El huay no atacó de inmediato. Lo observó con una curiosidad predatoria, sus ojos penetrando el alma de Luis. Un gruñido grave y resonante escapó de su garganta, un sonido que vibró en el pecho de Luis. Luego, con una agilidad sorprendente, la criatura se transformó. Los huesos crujieron, los músculos se contorsionaron, y ante los ojos aterrorizados de Luis, el hombre-bestia se convirtió en un jaguar colosal, más grande de lo que jamás había visto, con ojos ámbar que ardían en la oscuridad.
El jaguar no rugió, solo siseó, un sonido que era a la vez un silbido de advertencia y una promesa de muerte. Luis retrocedió lentamente, el machete temblándole en la mano. El animal, con movimientos lentos y calculados, comenzó a rodearlo. Cada paso era un latido fuerte en el corazón de Luis.
De repente, el jaguar se abalanzó. Luis reaccionó por puro instinto, esquivando el primer zarpazo que habría abierto su pecho de par en par. El machete brilló en la penumbra mientras intentaba un golpe desesperado. La hoja raspó el costado del jaguar, dejando una marca superficial en su pelaje. Un rugido de ira brotó de la garganta del huay.
La bestia se lanzó de nuevo, esta vez con una velocidad brutal, sus garras se hundieron en el muslo de Luis, desgarrando su pantalón y la carne con una facilidad espeluznante. Un grito de dolor brotó de los labios del ingeniero, cayó al suelo, el dolor era agudo y punzante.
El jaguar se paró sobre él, sus ojos ámbar brillando con una satisfacción cruel. Su aliento cálido y animal golpeaba el rostro de Luis, ahí mismo podía sentir el peso de la criatura y la tensión de sus músculos listos para el golpe final.
Pero en ese instante, el nahual dudó. Una luz extraña, casi de tormento, cruzó por sus ojos. La forma del jaguar comenzó a vacilar, a ondular como el calor sobre el asfalto. Por un momento, Luis vislumbró el rostro de un hombre, un rostro contorsionado por el dolor, antes de que volviera a ser el jaguar.
El huay, como si una fuerza invisible lo impulsara, retrocedió unos pasos. Rugió de frustración, no de rabia, y luego se lanzó a la selva, despareciendo entre la maleza con una velocidad sobrenatural.
Luis yacía en el suelo, la pierna sangrando profusamente, el cuerpo tembloroso por la adrenalina y el miedo. ¿Por qué se había detenido? ¿Qué había visto en los ojos del nahual?

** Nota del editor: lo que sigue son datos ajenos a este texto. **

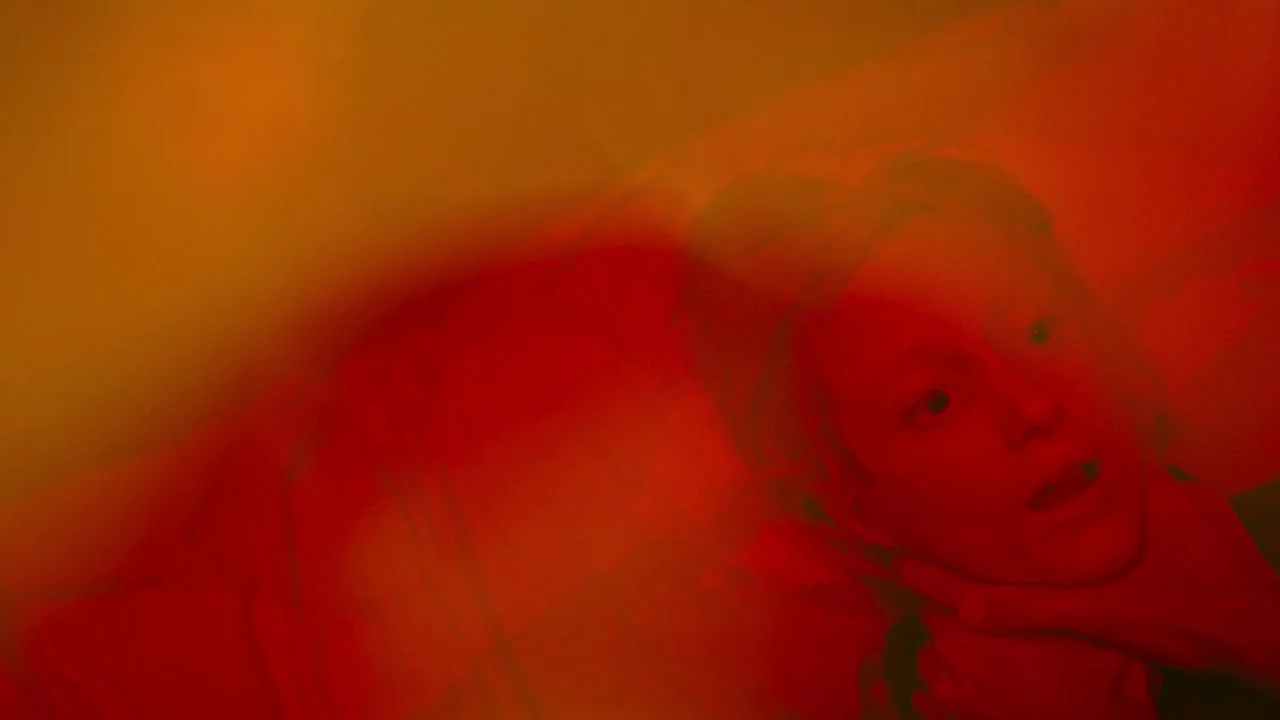 Possessor (2020) movie still: closeup — A dimly lit room bathed in an intense monochromatic red light. A person lies down in the foreground with…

La respuesta llegó días después, cuando fue encontrado por un grupo de cazadores locales. Le contaron que, en lo más profundo de la selva, existían huayes que luchaban contra su propia naturaleza, algunos que buscaban el equilibrio entre el hombre y la bestia. El huay que se le había presentado a Luis, por alguna razón, había sentido algo en él, algo que lo había frenado de dar el golpe final. Quizás, su conexión con la tierra, su respeto y amor por la naturaleza que él, como ingeniero, buscaba "domar".

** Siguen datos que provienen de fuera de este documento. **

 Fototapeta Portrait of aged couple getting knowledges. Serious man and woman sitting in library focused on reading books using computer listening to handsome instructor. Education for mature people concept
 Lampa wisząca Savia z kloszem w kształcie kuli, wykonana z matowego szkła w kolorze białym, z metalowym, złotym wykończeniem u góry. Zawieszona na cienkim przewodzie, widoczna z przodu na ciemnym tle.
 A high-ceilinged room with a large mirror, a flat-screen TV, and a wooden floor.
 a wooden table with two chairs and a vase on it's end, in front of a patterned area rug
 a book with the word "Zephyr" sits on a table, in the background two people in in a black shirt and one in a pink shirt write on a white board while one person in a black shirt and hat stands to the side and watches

Luis sobrevivió, pero la experiencia lo cambió para siempre. La selva dejó de ser solo un terreno para la construcción. Se convirtió en un lugar de respeto, de misterio, donde las leyendas cobraban vida y donde la delgada línea entre el hombre y el animal se difuminaba en la penumbra. Y cada vez que el sol se ponía en Yucatán, Luis sentía la presencia de esa sombra, de ese huay que le había concedido una segunda oportunidad, recordándole que no todo lo que existe puede ser explicado por la razón.